Here is a screenshot of my ArcMap editing session:
I am running Windows Media Player in the background with with 200+ songs on the playlist (topping out around 20,000 k of memory usage). I am assuming WMP references the songs via a list rather than caching all the 855 MB of files, however my media player is using fewer resources than my mail client is using.
Outlook is hogging just short of the almost 200,000 k that ArcMap uses - and it's just sitting there:
Personal computer technology continues to increase at a terrific rate, and the price of powerful and small computers is steadily decreasing. The average user (non-tech/home computer user) seems to be utilizing web-based resources more and more. Other than gaming, I can only think of a few other examples of power users who need very elite computers: photo/graphics editors and video editors.
Taking advantage of this by writing software that runs efficiently would allow one to use a computer for more than a few years without it being bogged down (I'm looking at you, Windows XP). It takes my laptop a few minutes to open Mozilla. MINUTES! That is just stupid.

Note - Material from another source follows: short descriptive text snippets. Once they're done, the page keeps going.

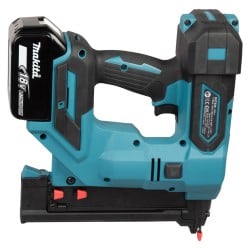 Akumulatorowy zszywacz Makita DST630RFJ 18V 2x3Ah LXT BL XPT 18Ga walizka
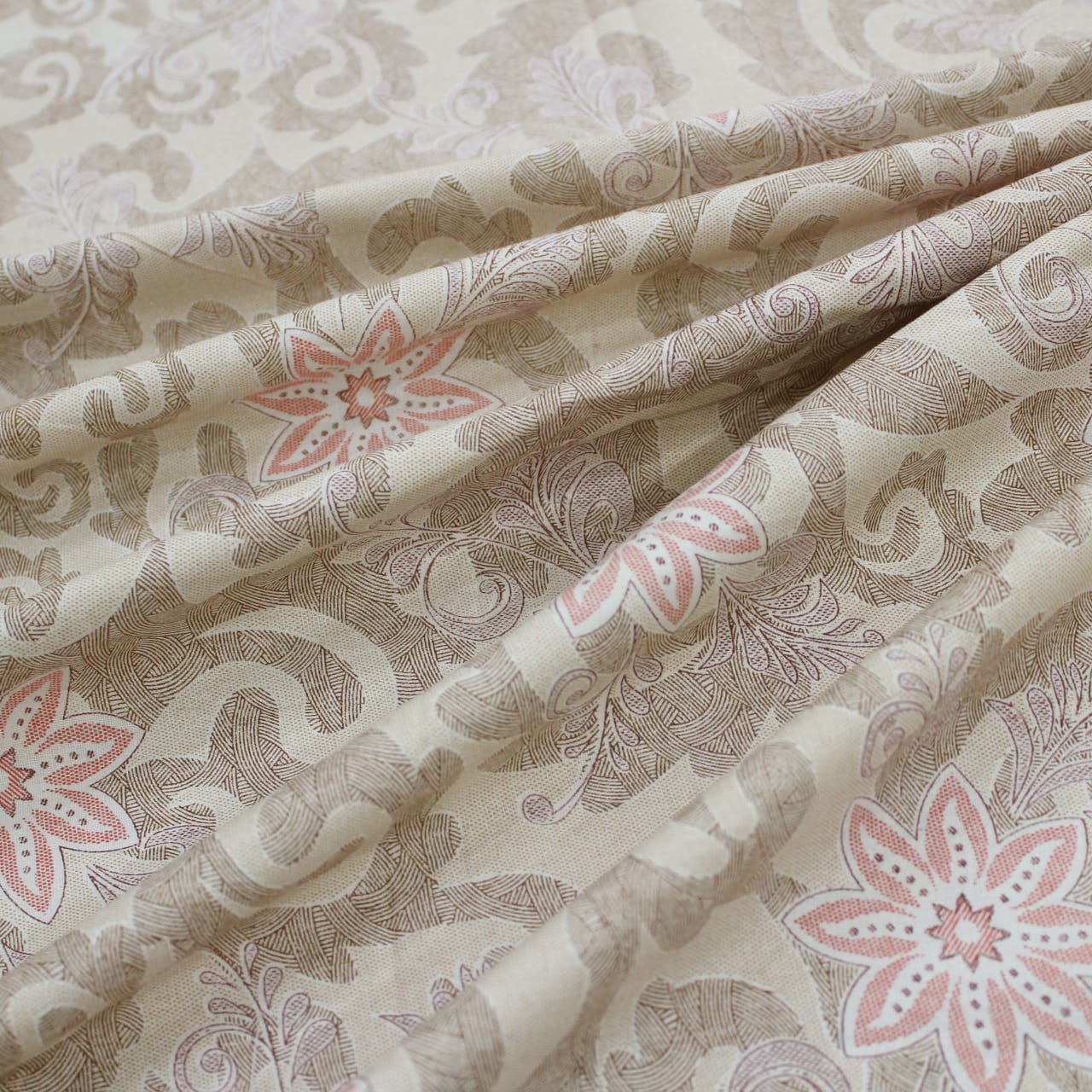 Printed Floral Cotton 144 TC Fitted Bedsheet 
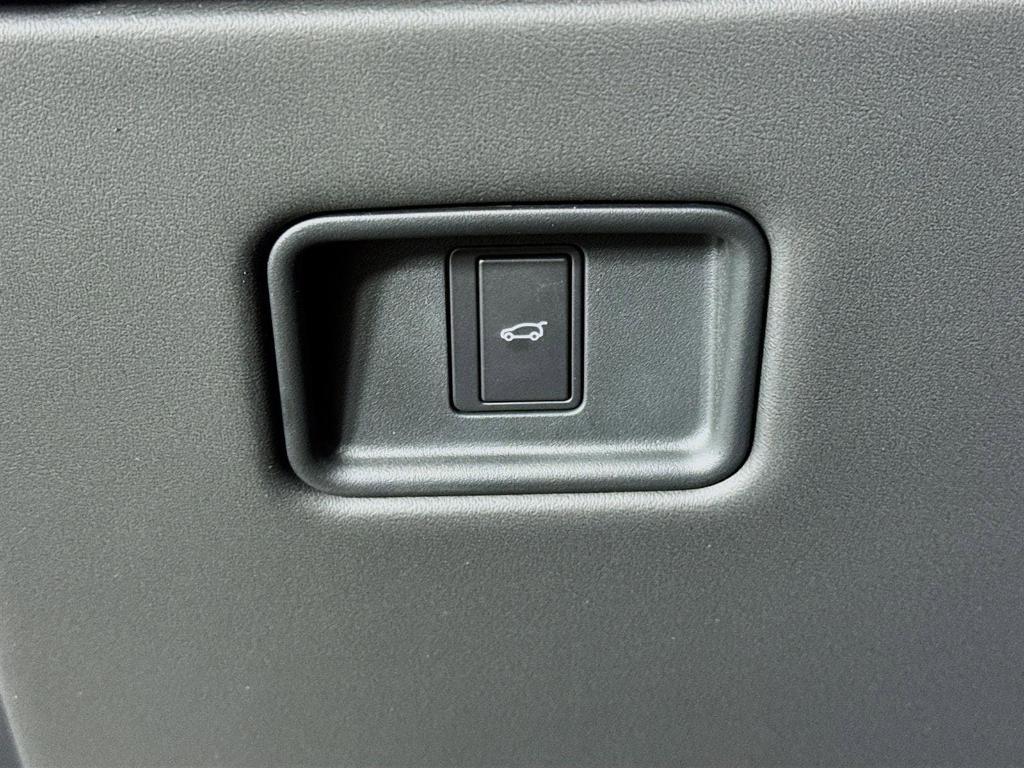 new 2025 Land Rover Range Rover car, priced at $116,025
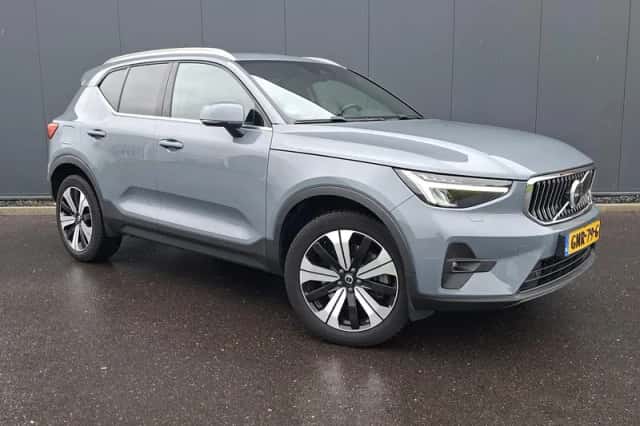 Volvo XC40 (2022) thumbnail 5
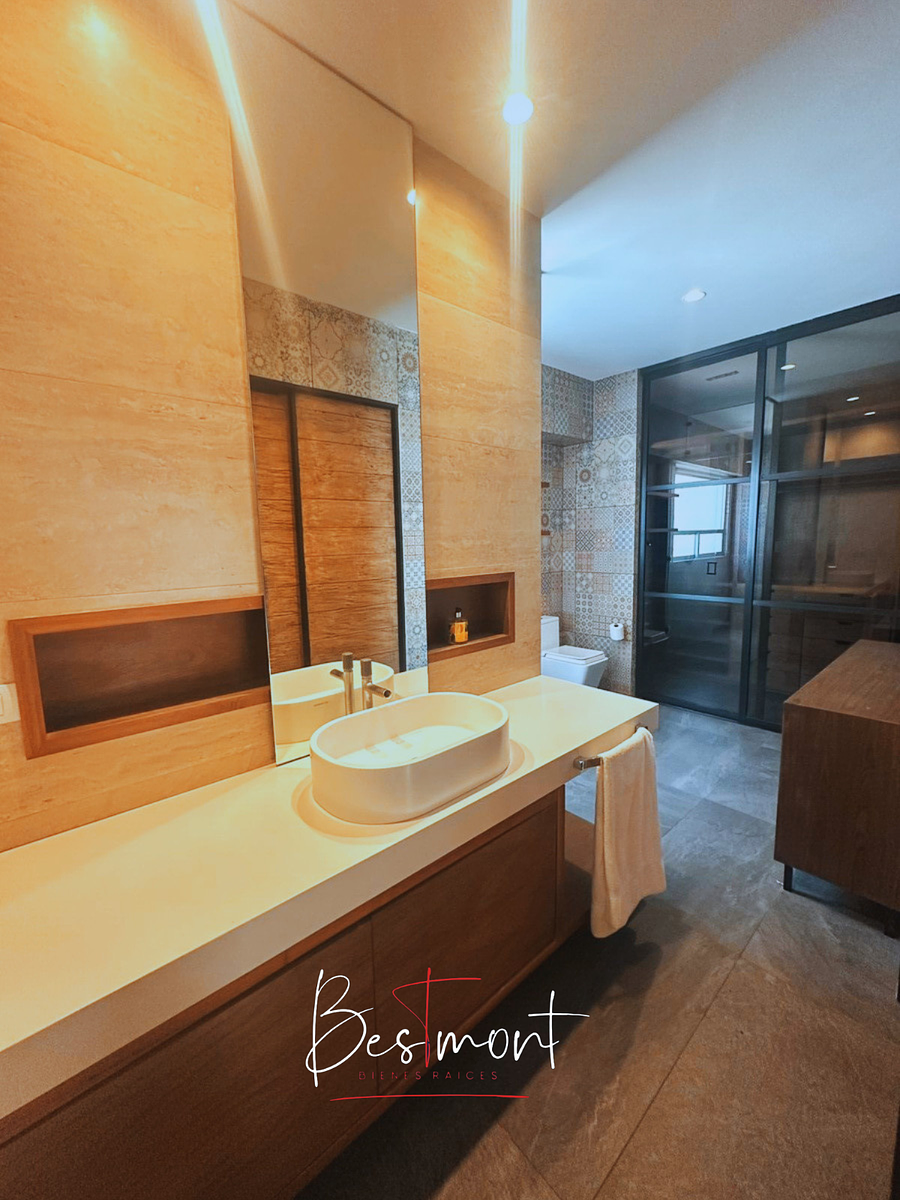 14 de 28: Baño completo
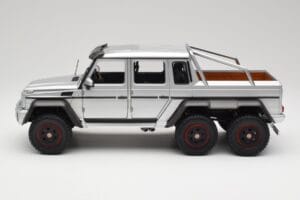 Mercedes AMG G63 W463 6x6 Iridium Prata AUTOart 1:18 76301 Compósito - imagem 4 de 8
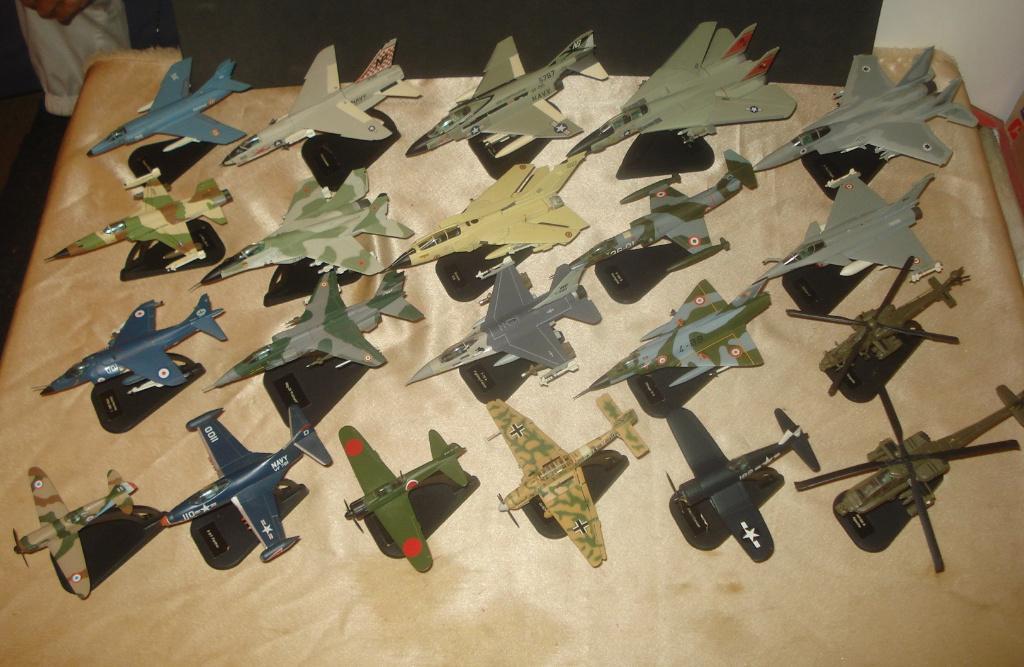 Beau Lot de 21 Avions de Combat en Métal + Socles Exposition, Ophalen of Verzenden, Zo goed als nieuw, Overige typen
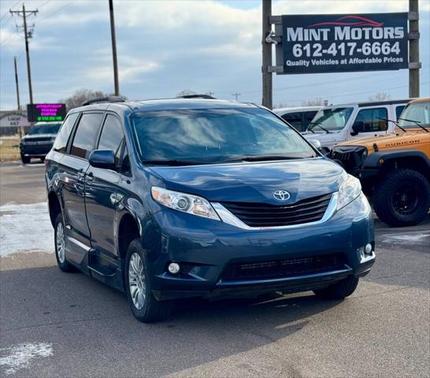 2017 Toyota Sienna XLE
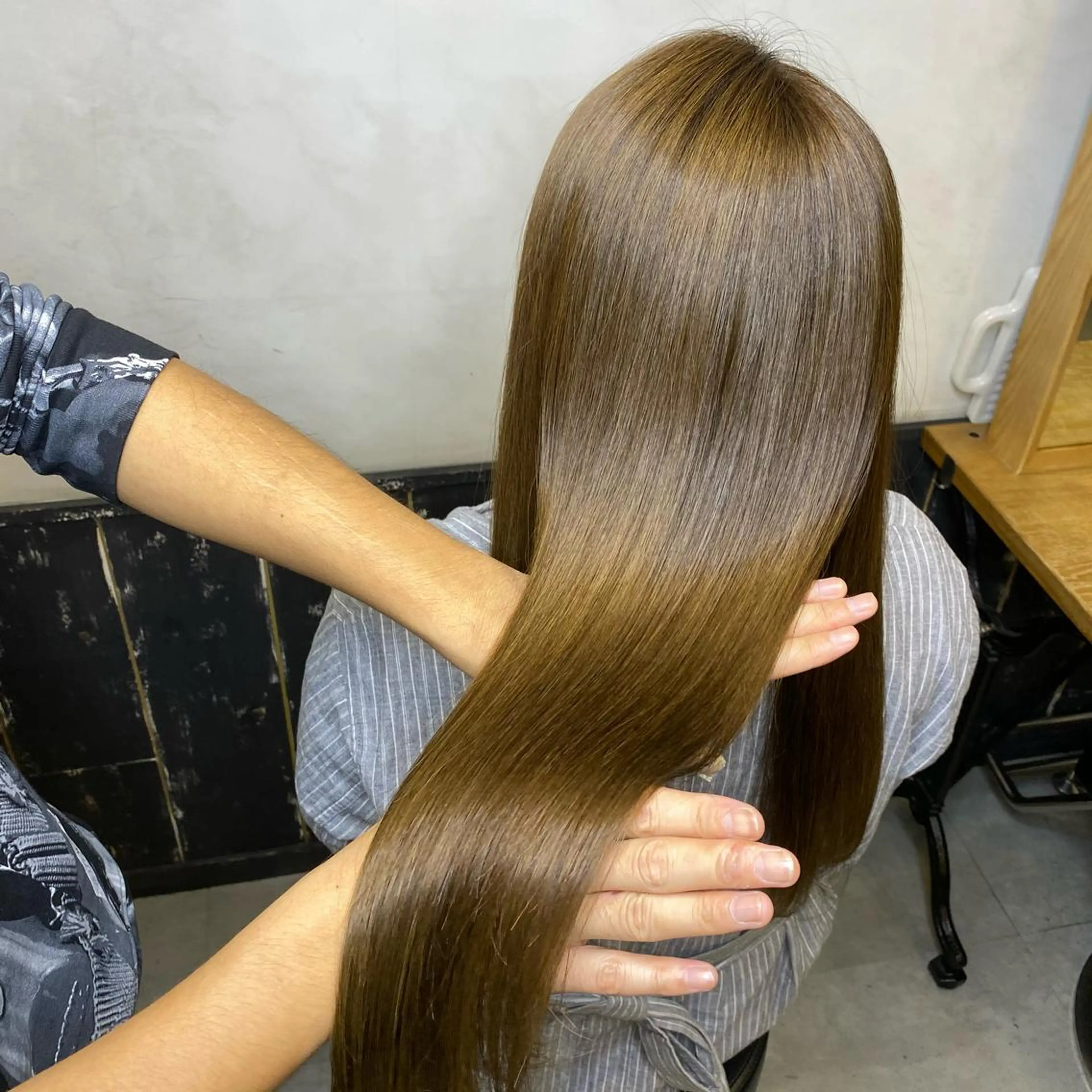 ロング カラー イルミナカラー 髪質改善 トリートメント カット ヘアカラー トリートメント ヘッドスパ AUBE HAIRazul吉祥寺所属・髪質改善✨幹細胞✨ ウルツヤ🌈清水　祥のヘアスタイル
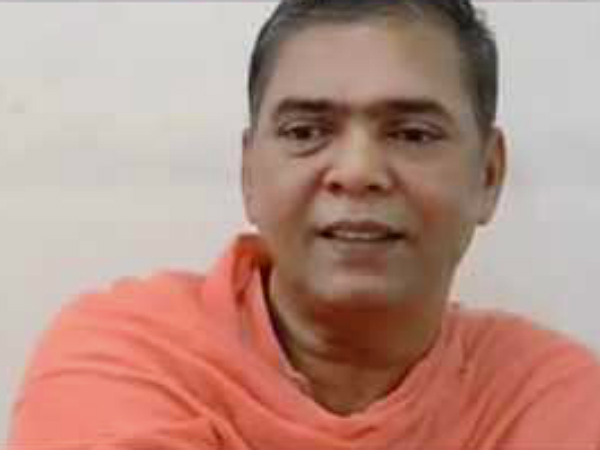 ಮಠಗಳು ಸರ್ಕಾರದ ನಿಯಂತ್ರಣಕ್ಕೆ ಬರಲಿ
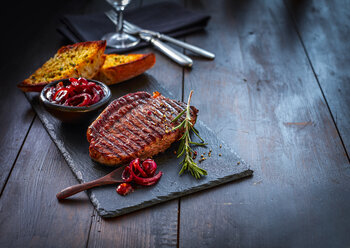 Beefsteak mit Rosmarin, Rotweinzwiebeln und Knoblauchbrot auf Schiefer - KSWF01947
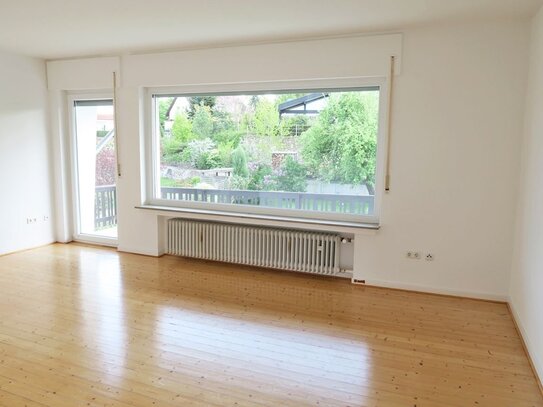 Schöne 3,5 Zimmer-Wohnung mit großem Balkon in Bad Oeynhausen - Südstadt / Nähe Herzzentrum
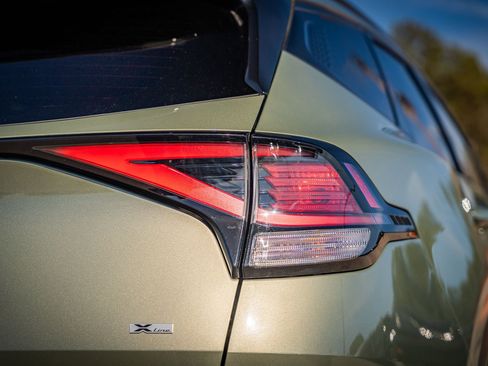 Used 2025 Kia Sportage X-Line image 17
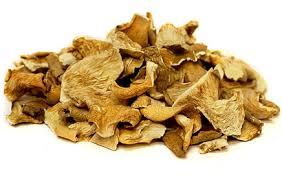 Beige Dry Oyster Mushroom Vacuum-sealed Bag for Culinary Purposes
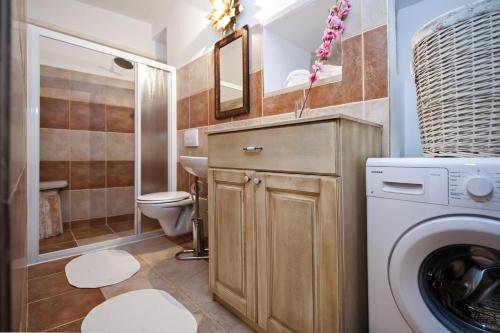 Apartments with WiFi Rovinj - 13454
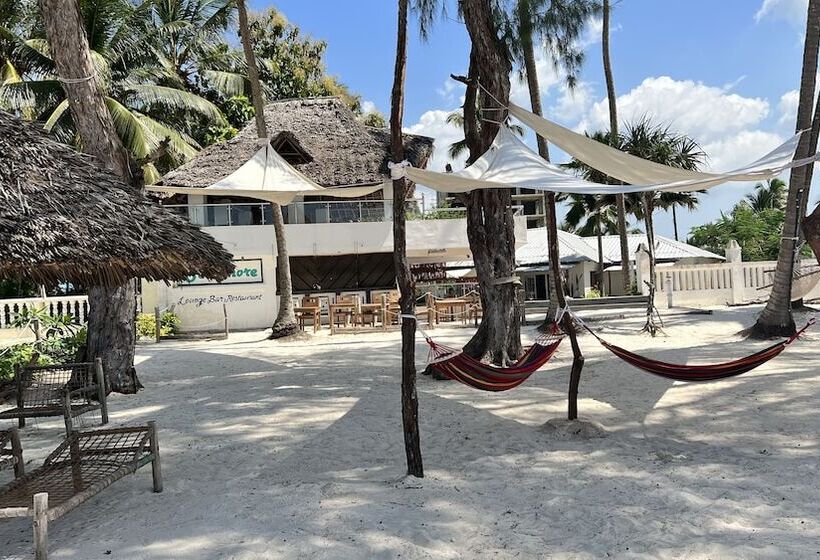 Отель Seashore Beach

Instead, Microsoft continues to write clunky software that needlessly hogs computing resources so when the computer seems to become "out of date" in a year or two, unknowing consumers will go out and buy another laptop with a new and even more inefficient version of Windows products. This seems like planned obsolesence. Lame.
1 comment:
Hear, hear!
I took my brother's old desktop computer from home. I think it's ten years old, and it was struggling to run Win98. I wiped it and installed Xubuntu on it and it works like a charm. Of course, I don't use it for anything (I had some trouble getting it hooked up to the internet), but for file storage or just messing about, it worked fine. I was working in Open Office on it and ran some other things, and it was okay.